Sebagai orang tua, sudah saatnya sekarang ini, lihatlah potensi si anak. Jika memang dia tertarik dan punya potensi untuk mendalami suatu pelajaran, biarkan dia mempelajarinya. Motivasilah anak itu. Apabila ada beberapa nilai lain yang jelek, maka jangan buat mereka semakin tertekan. Beri dukungan kepada mereka. Sebab, pekerjaan murid itu juga berat, harus kita akui itu. Dengan banyak tugas yang harus diselesaikan, belum lagi tekanan yang didapatnya dari berbagai pihak, seharusnya orang tua menjadi sosok utama untuk mendoromg anak-anak mereka agar mampu menghadapi itu semua. Jangan malah menambah tekanan lagi kepada mereka.
Untuk kita guru, jangan menekan siswa untuk dapat menguasai mata pelajaran yang kita ajarkan. Lihatlah di pelajaran mana mereka ada potensi. Bagus jika seandainya seorang murid mampu menguasai pelajaran yang kita ajarkan. Namun apabila ia menguasai bidang lainnya, maka biarkan ia memilih ke arah sana dengan terus membimbingnya agar tetap berada di jalur semestinya. Jangan sampai guru malah menjadi penyebab siswa-siswinya tidak berkembang dan terus tertinggal hanya karena memaksa murid untuk bisa dipelajaran yang guru itu ajarkan.

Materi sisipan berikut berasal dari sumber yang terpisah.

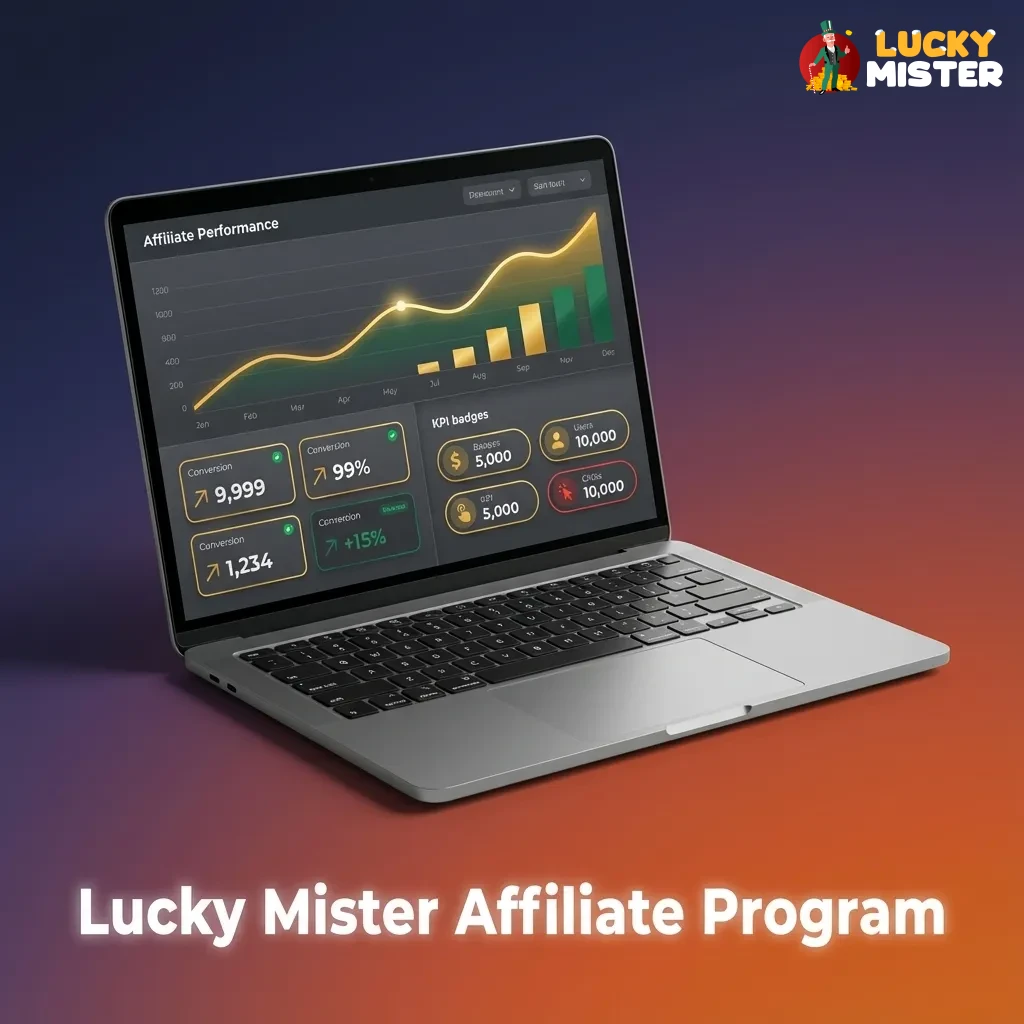 Lucky Mister Affiliate Program banner with dashboard charts, tracking links, and icons showing earnings, payouts, and marketing tools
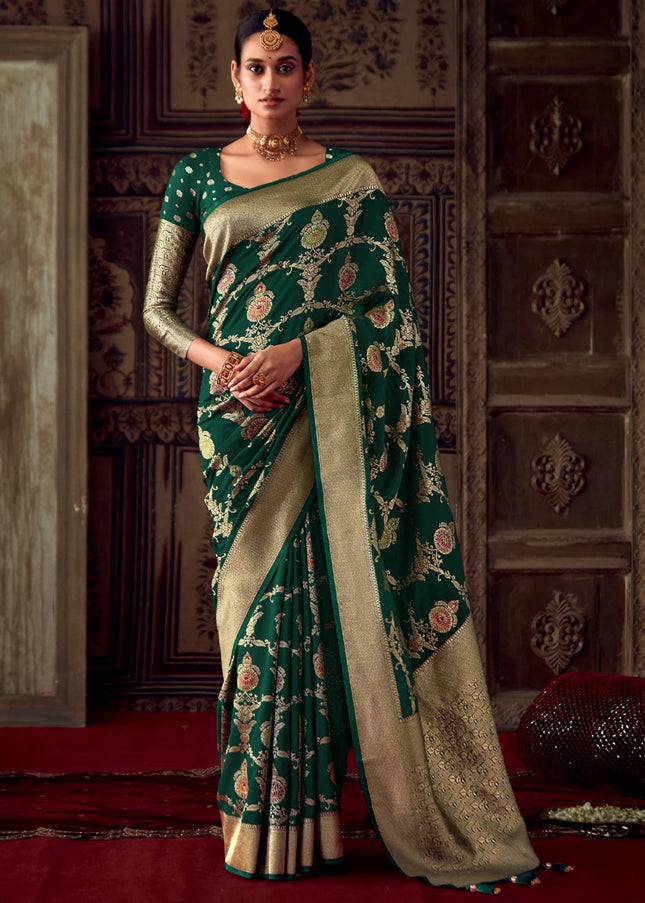 Green Zari Weaved Banarasi Saree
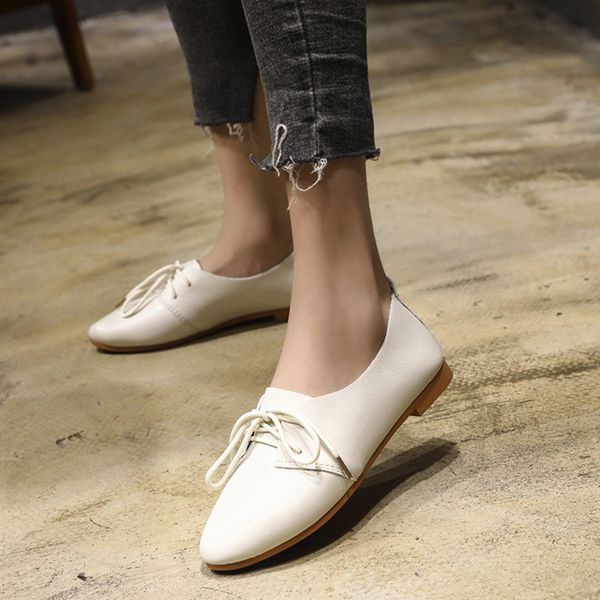 women flats shoes autumn leather casual shoes lace up flat bottom woman sneaker roman non-slip #20, Black
women flats shoes autumn leather casual shoes lace up flat bottom woman sneaker roman non-slip #20, Black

Kita adalah orang yang bertanggung jawab terhadap nasib anak-anak kita ke depan. Jangan salahkan mereka jika mereka tumbuh dengan pengetahuan yang kurang, tidak ada motivasi, atau terus berada dalam tekanan batin. Sebab, bisa saja mereka menjadi seperti itu karena kita telah memaksa mereka untuk menguasai apa yang berlawanan dari ketertarikan mereka itu. Biarkan mereka berada di jalan pilihan sendiri. Tugas kita sebagai orang tua, guru, bahkan kepala sekolah pun adalah sebagai pembimbing mereka agar mereka tetap berada dalam jalur yang semestinya. Setiap siswa punya hak untuk memilih bidang mereka masing-masing.
Tulisan ini dibuat sebagai refleksi penulis pribadi juga kepada para pembaca sekalian. Semoga ada manfaatnya.
Foto: Proses belajar mengajar di sebuah pondok tahfidz, Banda Aceh.